Exercise directions:
All pictures are to be excluded when the data below is output verbatim.

Pictures with short captions:
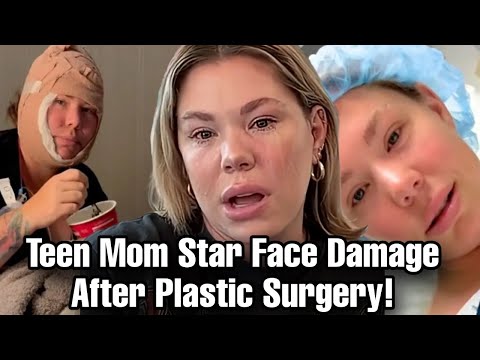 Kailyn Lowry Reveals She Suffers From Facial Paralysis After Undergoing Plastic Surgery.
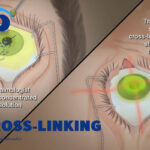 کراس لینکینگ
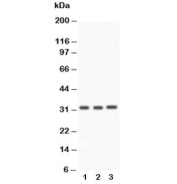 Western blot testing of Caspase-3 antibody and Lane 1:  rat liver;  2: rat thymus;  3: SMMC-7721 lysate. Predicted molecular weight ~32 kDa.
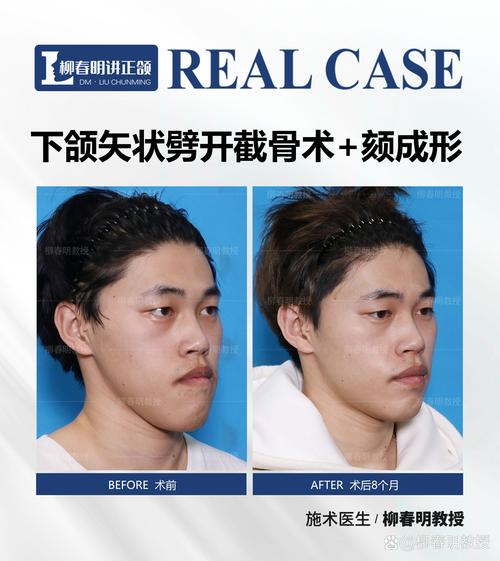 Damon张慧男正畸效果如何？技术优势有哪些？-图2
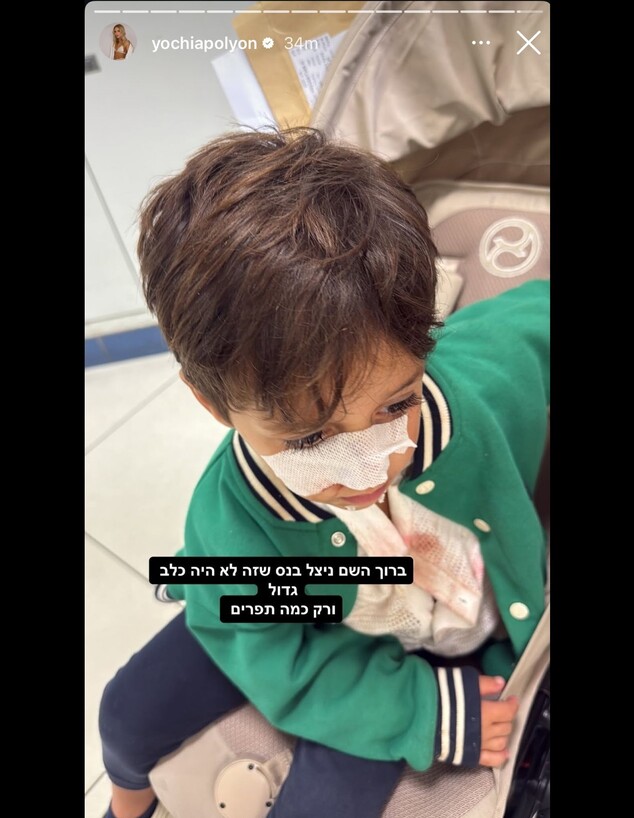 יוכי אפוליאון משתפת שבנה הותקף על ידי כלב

Worked solution:
 Kailyn Lowry Reveals She Suffers From Facial Paralysis After Undergoing Plastic Surgery.
 کراس لینکینگ
 Western blot testing of Caspase-3 antibody and Lane 1:  rat liver;  2: rat thymus;  3: SMMC-7721 lysate. Predicted molecular weight ~32 kDa.
 Damon张慧男正畸效果如何？技术优势有哪些？-图2
 יוכי אפוליאון משתפת שבנה הותקף על ידי כלב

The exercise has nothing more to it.